Les voitures de socit pnalises

Transcription

Les voitures de socit pnalises
Les voitures de société pénalisées ?
Le dernier conclave budgétaire faisait état d’un alourdissement de la taxation des
voitures de société. Nous faisons le point de la situation de cette matière très
controversée.
Les voitures que les entreprises mettent à disposition d'une frange de plus en
plus large de leur personnel suscitent décidément bien des convoitises fiscales et
manoeuvres politiques.
Voici un an, quelques caciques de l'administration tentaient un coup de force en
proposant une interprétation très sévère de l’avantage en nature lié à l’usage
d’une voiture de société. Le ministre des Finances a éteint l'incendie par le biais
d'une circulaire (datée du 5 février 2004) alignant les entreprises privées sur le
système en vigueur depuis 1999 dans l'administration. L'avantage en nature
représenté par cette fameuse « voiture de société » représente aujourd'hui
forfaitairement 5.000 km par an pour les salariés habitant à moins de 25 km de
leur lieu de travail et 7.500 km pour les autres. Pour l'entreprise, rien n'a
changé : elle doit s'acquitter d'une cotisation de solidarité de 33 % sur ledit
avantage en nature.
Le feu couvait toutefois sous la cendre. Au gouvernement, en effet, d'aucuns ne
peuvent se résoudre à voir une part grandissante de la population profiter de
cette rémunération indirecte bénéficiant d'un traitement fiscal incontestablement
avantageux. Deux arguments ont présidé à la modification du régime d'imposition
des voitures de société annoncée dans le cadre du dernier conclave budgétaire.
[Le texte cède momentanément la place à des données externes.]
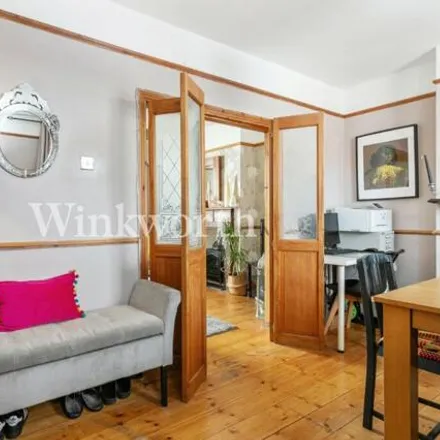 Image 5 - Pymmes Road, Bowes Park, London, N13 4RY, United Kingdom - Townhouse for sale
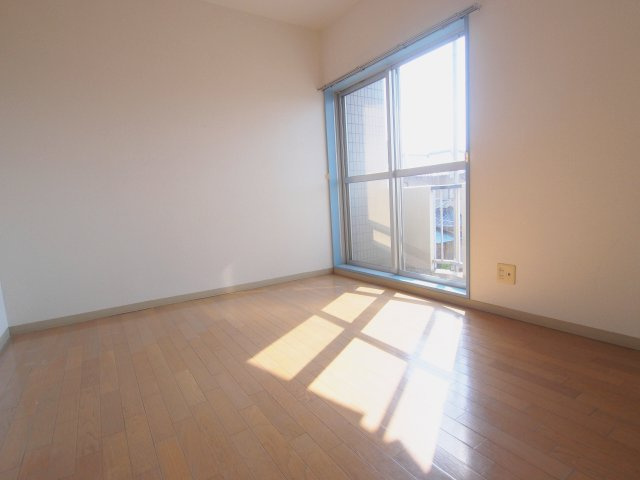 広島市安芸区矢野西４丁目の賃貸マンションの居間・リビング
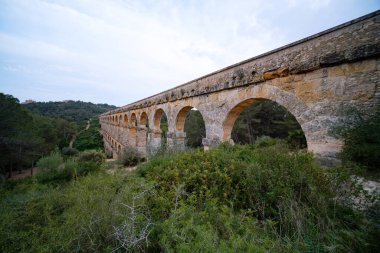 Nehir şehrinde güneşli eski bir köprü.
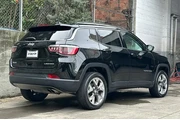 $14995 : Jeep Compass 2020 4x4 Limite thumbnail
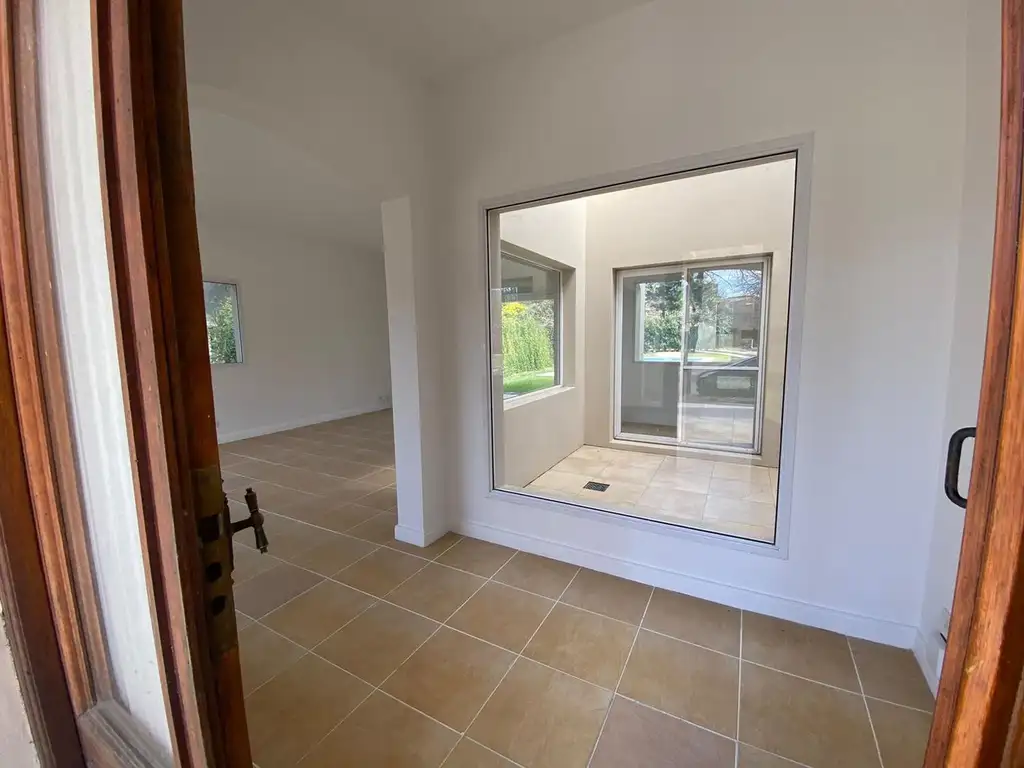 Casa en Venta - 4 dormitorios - USD 390.000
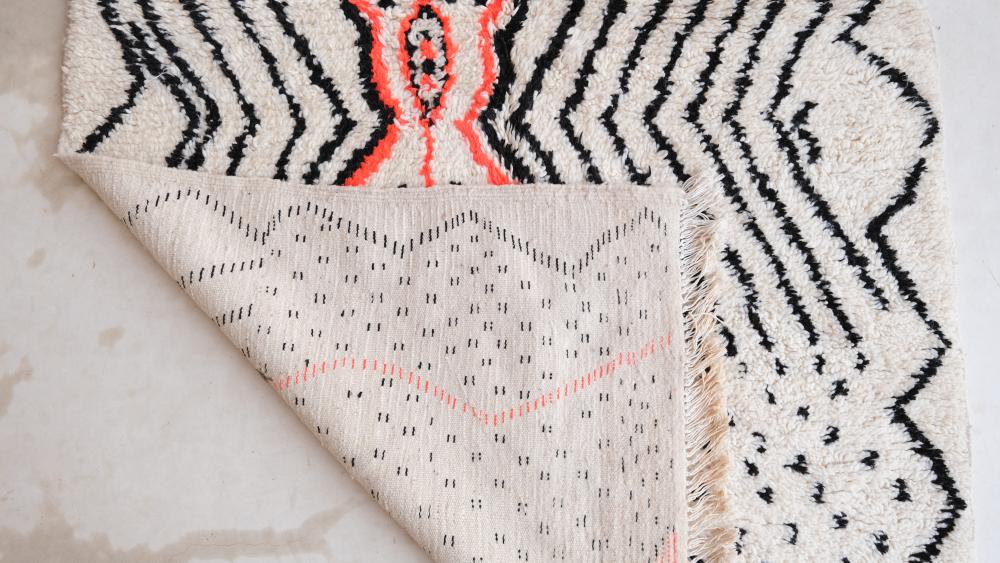 New Azilal 262.00 cm x 141.00 cm | Beautiful Azilal Moroccan Berber Rugs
Le premier est le caractère plus écologique du nouveau système ; en réalité,
comme on le verra, ce « verdissage » de la pilule passe totalement à côté du vrai
problème.
Le second est d'une toute autre nature : deux tiers des entreprises ne payent pas
la cotisation de solidarité normalement due sur les voitures de société, a-t-il été
déclaré à l'envi. Privées de toute explication complémentaire, certaines de ces
déclarations ont ouvert la porte aux plus noirs soupçons : ces entreprises ontelles pris le maquis, leur comptabilité est-elle occulte ? La vérité est beaucoup
plus prosaïque : elles facturent la voiture de société à leurs employés, au niveau
de l'avantage en nature. Celui-ci est donc ramené à zéro et 33 % de zéro, cela
fait zéro ! Les finances publiques seraient donc lésées. C'est faux : comme on le
verra, ce système coûte plus cher en sécurité sociale ! De toute manière, on
imposera l'an prochain une cotisation sur les voitures de société, quel que soit le
système choisi par l'entreprise. Plus question de l'esquiver !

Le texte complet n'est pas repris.